2) Access to the input of professionals
Friends and relatives are wonderfully enthusiastic and encouraging when you give them your manuscript to read and invariably they will say it is brilliant. It may be potentially brilliant but loved ones are not the right people to flag up problems in your work, having neither the skills nor the inclination. The most important decision I made in 2006 was paying a professional editor £250 for a five-page report on my manuscript. That input was invaluable. I was told what was right and what was wrong with my manuscript. Even if I didn’t want to hear it, I reflected long and hard and then made changes. Two years later, after selling the majority of my 2000 self-published books, Harper Collins picked up the rights and my novel was republished as THE REAPER to great critical acclaim, the spelling mistakes and grammatical errors disappearing overnight with a professional edit. With traditional publisher, Headline, I have a support network of experienced professionals who, when necessary, are helpfully cold-eyed about what needs to be fixed, added or removed from my work and that is irreplaceable.
I have a year to produce a new DI Brook thriller and have found the pressure of a looming date makes me work harder and more effectively even though I don’t always appreciate the pressure at the time. It also means that seven years after my first novel was published I have another five to stand next to it. That wouldn’t have happened if I’d been setting my own deadlines. It took me several years to write REAPER in a pressure-free environment and though I sometimes rail against the looming of a delivery date, it concentrates the mind wonderfully and I wouldn’t have it any other way.
4) Getting an agent.
I didn’t have an agent when I sold the rights to REAPER (and its sequel, THE DISCIPLE) in 2009. But I do now. Being picked up by a traditional publisher made that easy. I could have told myself that having secured my own publishing deal that I didn’t need one and there are authors out there who somehow manage without. But an agent is always working for you when you are not – at book fairs where rights are sold and when contracts arrive from publishers, sometimes foreign. Film rights and foreign rights are devilishly tricky for the unrepresented and when A KILLING MOON is published in Germany later in the year, like my other novels before them, that is purely down to the work of my agent.

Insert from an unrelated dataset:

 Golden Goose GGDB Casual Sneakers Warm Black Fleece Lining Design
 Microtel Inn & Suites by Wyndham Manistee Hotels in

5) Self-publishers don’t get a mass market paperback.
When release day arrives and reviews are to be written, the only person promoting a self- published book is you. And even if you do a great job only a mass market paperback will be considered for review in the magazines, local newspapers and the nationals. Social media is a wonderful thing for selling yourself but millions more will be reading weekend reviews in newspapers and this is the crucible in which bestsellers are made. With a traditional publisher your book may not be at the front but at least it’s in the queue.